Please print the listing that follows word for word, but skip any pictures it holds.

Content starts

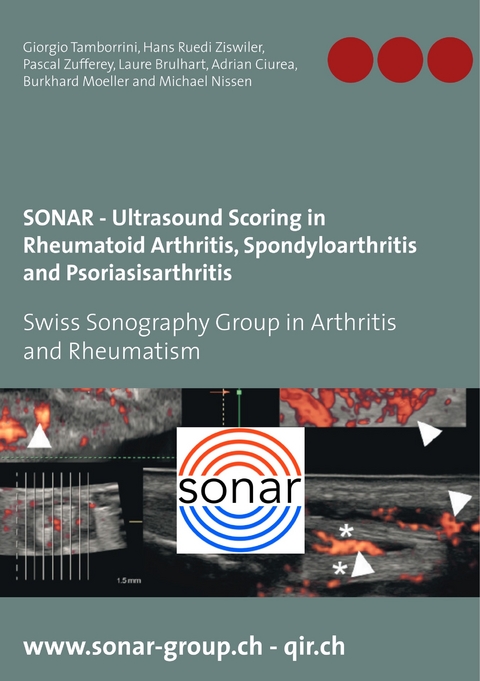 SONAR - Ultrasound Scoring in Rheumatoid Arthritis, Spondyloarthritis and Psoriasisarthritis -  Giorgio Tamborrini,  Hans Ruedi Ziswiler,  Pascal Zufferey,  Laure Brulhart,  Adrian Ciurea,  Burkhard Mo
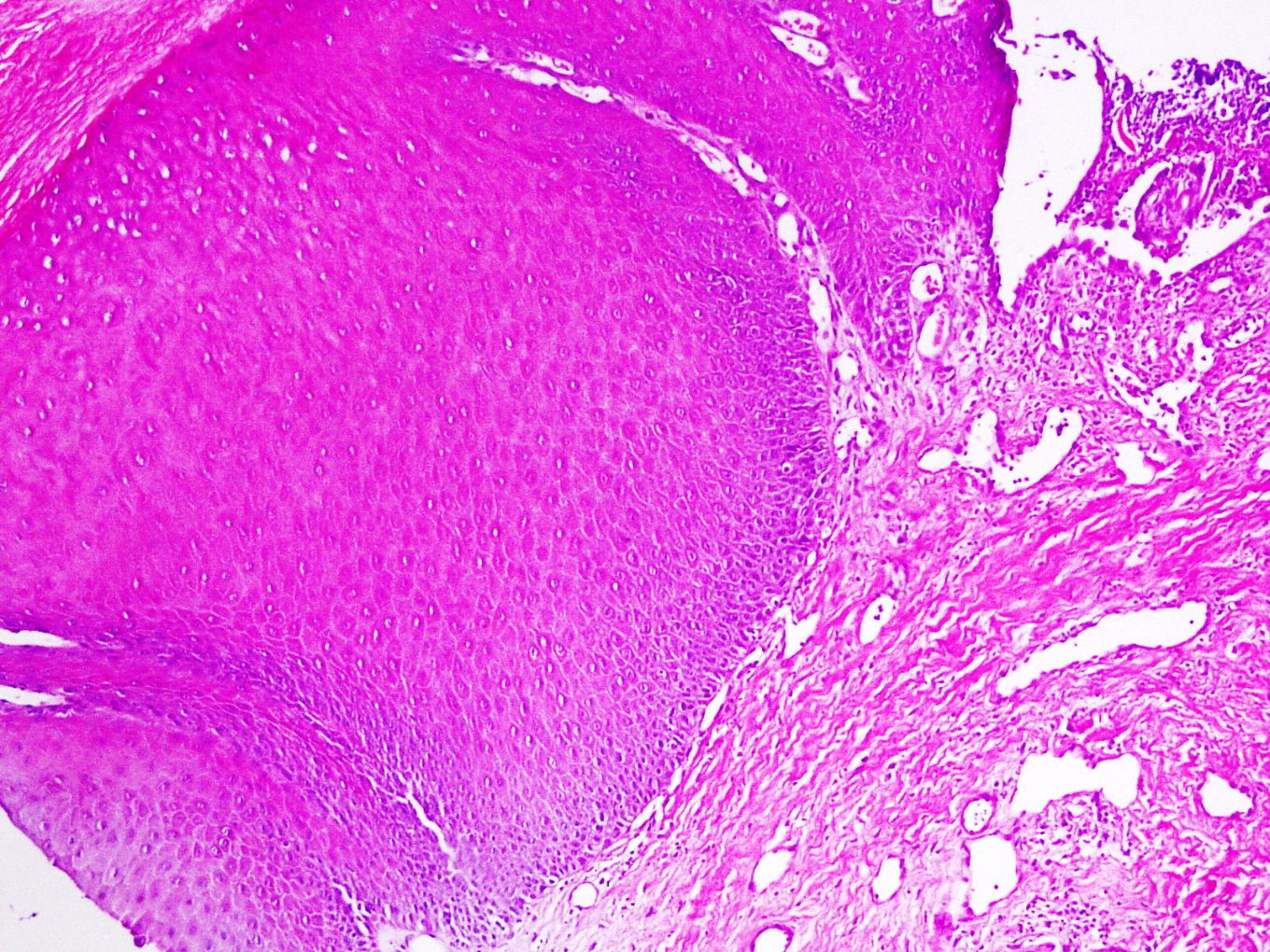 Erosions On A Prolapsed Uterine In An Old Woman An Unusual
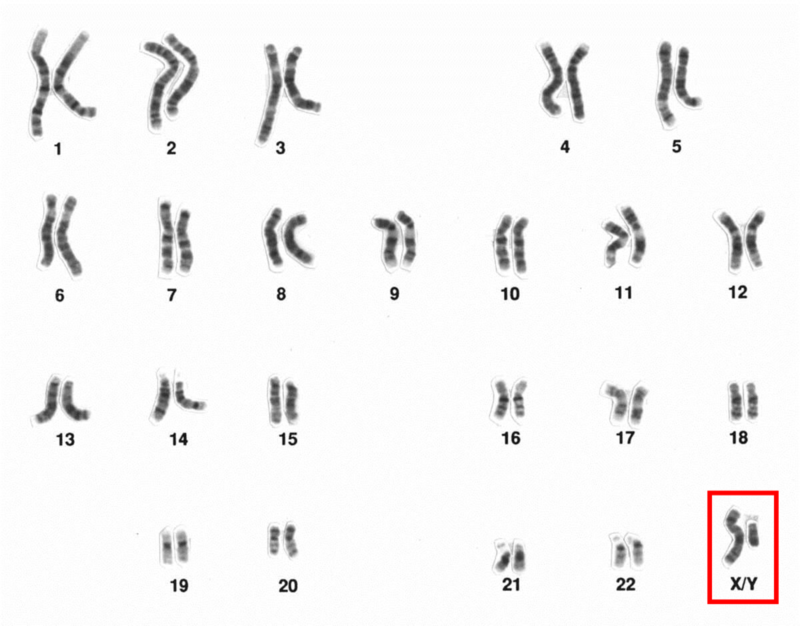 Microscopic image of human male chromosomes, sex chromosomes highlighted.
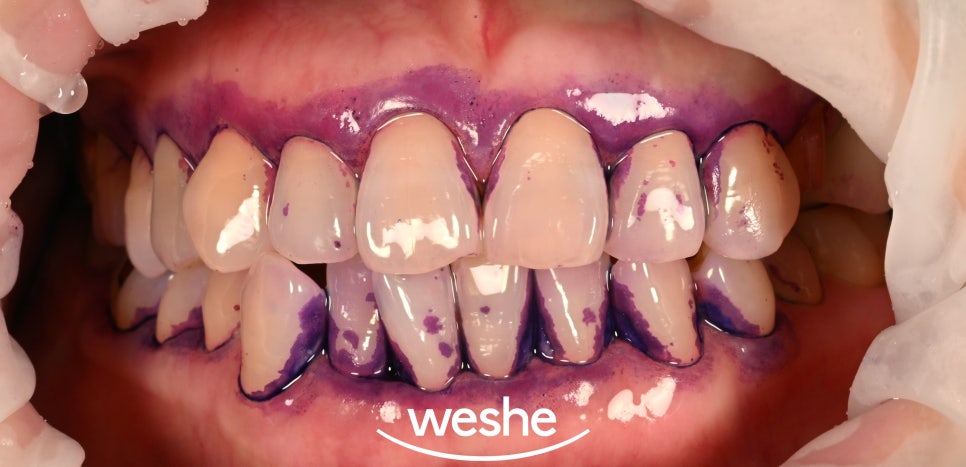 마곡동 치과 EMS 스케일링 관련 이미지 2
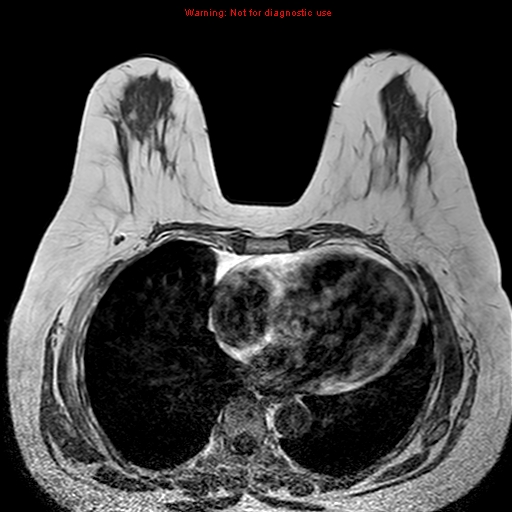 File:Breast carcinoma (multicentric multifocal in mammary Paget disease) (Radiopaedia 50966-56512 Axial T1 4).jpg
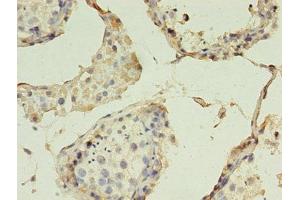 Immunohistochemistry of paraffin-embedded human testis tissue using ABIN7147867 at dilution of 1:100 (Claudin 15 抗体  (AA 72-128))
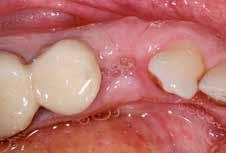Healing of the soft tissues 2 weeks after tooth extraction and ridge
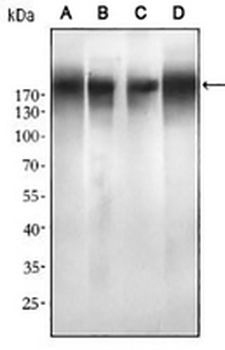 EGFR Mouse Monoclonal Antibody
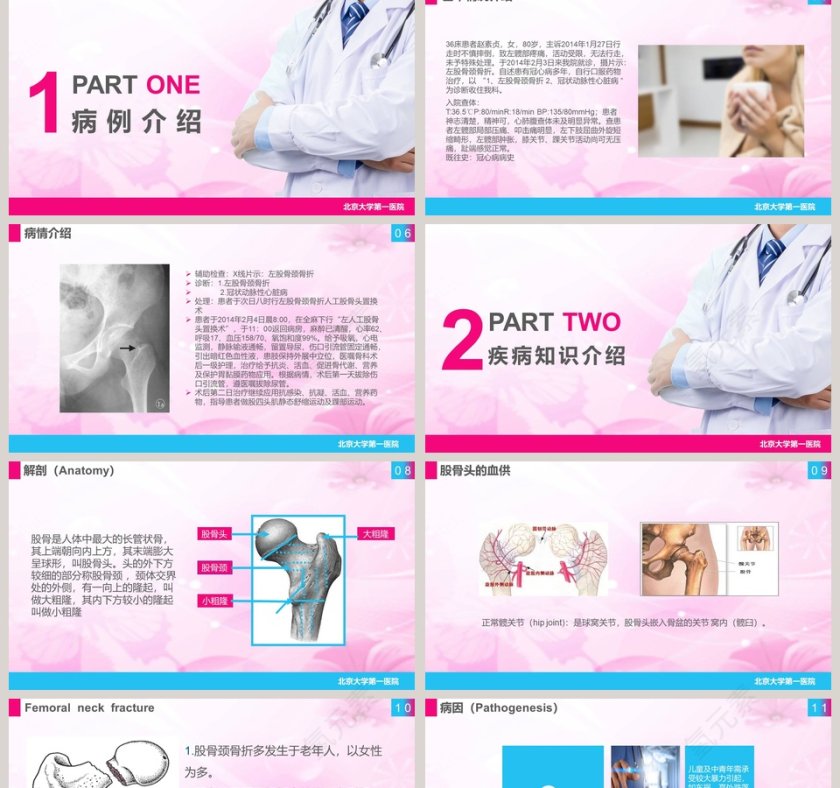 股骨颈骨折护理查房课件PPT第2张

Content ends

■ Result of this exercise ■
 SONAR - Ultrasound Scoring in Rheumatoid Arthritis, Spondyloarthritis and Psoriasisarthritis -  Giorgio Tamborrini,  Hans Ruedi Ziswiler,  Pascal Zufferey,  Laure Brulhart,  Adrian Ciurea,  Burkhard Mo
 Erosions On A Prolapsed Uterine In An Old Woman An Unusual
 Microscopic image of human male chromosomes, sex chromosomes highlighted.
 마곡동 치과 EMS 스케일링 관련 이미지 2
 File:Breast carcinoma (multicentric multifocal in mammary Paget disease) (Radiopaedia 50966-56512 Axial T1 4).jpg
 Immunohistochemistry of paraffin-embedded human testis tissue using ABIN7147867 at dilution of 1:100 (Claudin 15 抗体  (AA 72-128))
Healing of the soft tissues 2 weeks after tooth extraction and ridge
 EGFR Mouse Monoclonal Antibody
 股骨颈骨折护理查房课件PPT第2张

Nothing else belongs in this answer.